Where in the assembly code are we setting x to arr? How do we know that %r12 is x?
Here are the set of instructions leading up to the jmp associated with the for loop:
The declaration and initialization of x needs to be associated with one of the lines preceding that jmp, but because only the first argument passed to mystery is a void * (the others are size_t, int, and function pointer), that should tell you that either mov %rdi,%r13 or mov %rdi,%r12 is in place for the void *x = ________ line, and since both realize void *x = arr;, that would be my first guess as to what that line of C code should be.
As to why r12 is being used instead of r13? You'll notice that r13 looks to be a copy of whatever the first argument is, but r13 isn't itself changed every again.
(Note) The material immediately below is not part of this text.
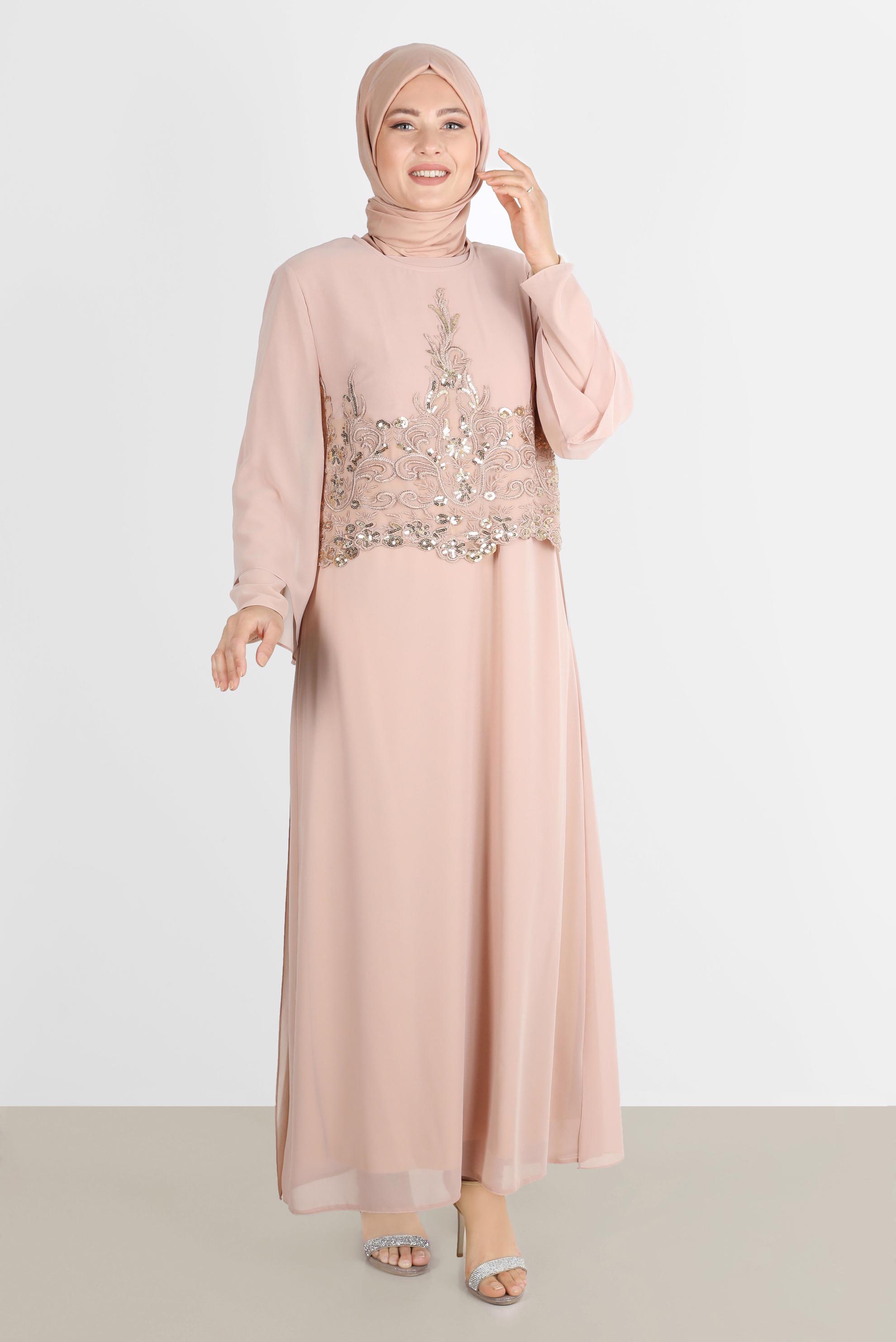 Vêtements hijab BEIGE ROBE DE SOIRÉE 2 PIÈCES EN MOUSSELINE À SEQUINS 5600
It's used in read-only capacity, whereas r12 is updated by the instruction at offset +62. Something that's read-only could be a variable, but something that's updated almost certainly needs to be a variable. And because the updated values of r12 are repeatedly passed at the first argument of the comparison function, that's even more evidence suggesting r12 is being used on behalf of x.
Problem 3
How does the print statement in line 19 ultimately go on to print the password?
Note that get_realpw() doesn't possess a return value, but instead stores the result in the buffer that was passed in, i.e. the 16-byte realpw. But the real issue is that strncpy() will copy only 16 bytes from the user's input password (userpw ) into the userpwcopy buffer, with no guarantee that a null-terminator \0 will be copied over. However, to be a proper, null-terminated string, userpwcopy must have a null-terminator somewhere in its 16 bytes; otherwise, %s in the printf will keep going in search of a null-terminator, \0 printing out more characters than it intends--even beyond the bounds of the array realpw.
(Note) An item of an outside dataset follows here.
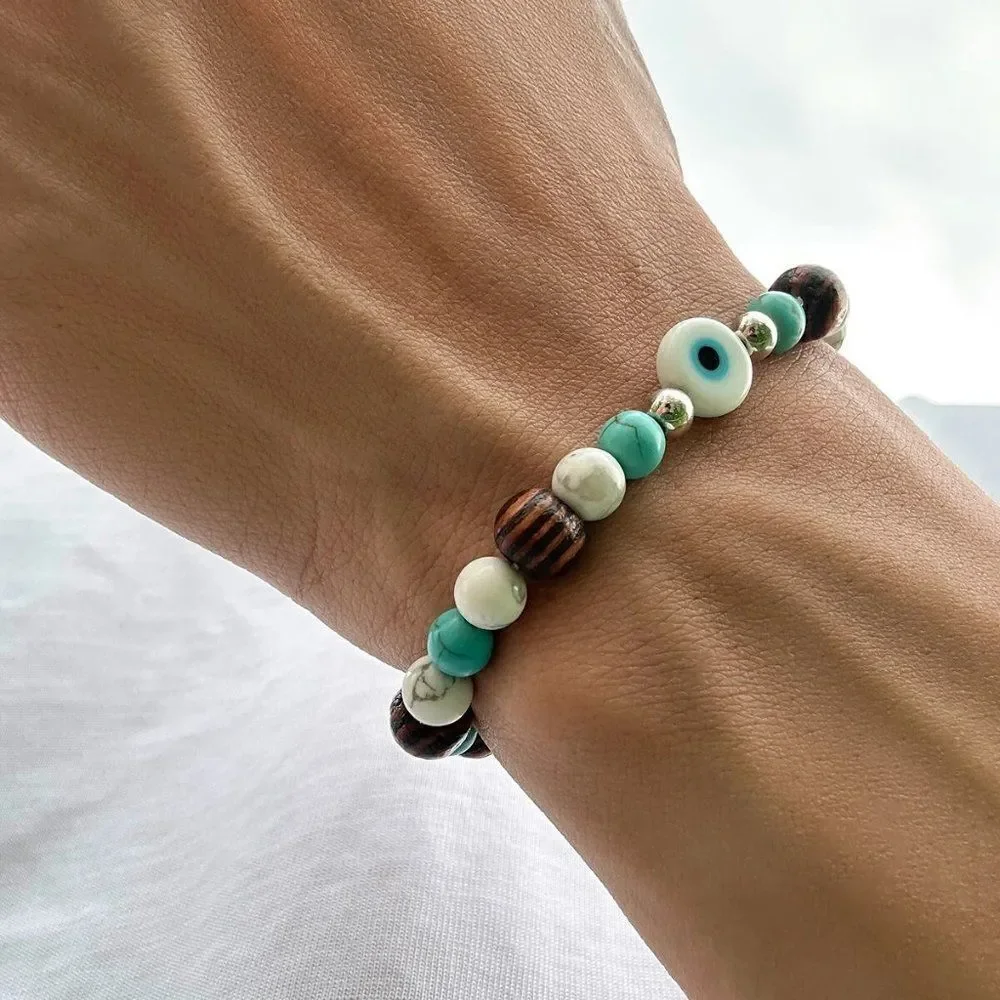 Bohemian Eye Stretch Wood Bracelet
Furthermore, as realpw and userpwcopy are both buffers / arrays in the function authenticate() , their memory regions will both reside in that function's local stack memory: to draw out a stack / memory diagram:
-- bottom of authenticate's stack memory
[16 bytes of realpw, characters of real password written going up]
...
[16 bytes of userpwcopy, characters of user attempt going up]
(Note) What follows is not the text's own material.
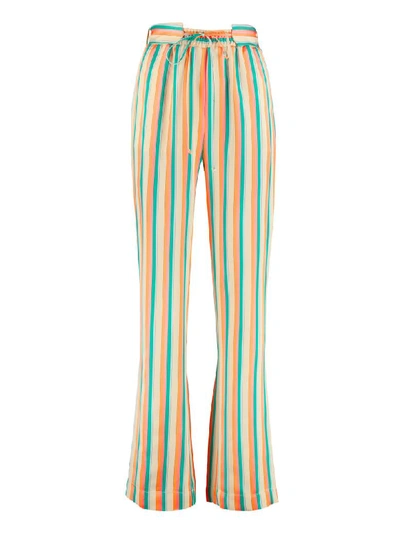 Pinko Giorgia High-waist Wide-leg Trousers In Multicolor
%rsp -- top of authenticate's stack memory (growing downwards)
Hence, by printing userpwcopy, without a null-terminator, %s will keep printing characters / bytes going upward in the memory, going beyond the userpwcopy buffer, and infiltrating into the buffer space of realpw, resulting in the real password being printed as well.
Problem 4
In Part (A), for get_size, instead of the casting to an int *, could we do (headerT *)curr->payloadsz & mask;?
Yes this would work.
Assume curr points to address x. Casting curr as an int * then dereferencing it means we go to address x and read 4 bytes. Casting curr as a headerT * means we go to address x. When we access the payloadsz field, we are reading it as an int so we read 4 bytes starting at address x.
Same result either way. However, get_size might receive a pointer to a footer, so while this will work, curr may be actually pointing to a headerT.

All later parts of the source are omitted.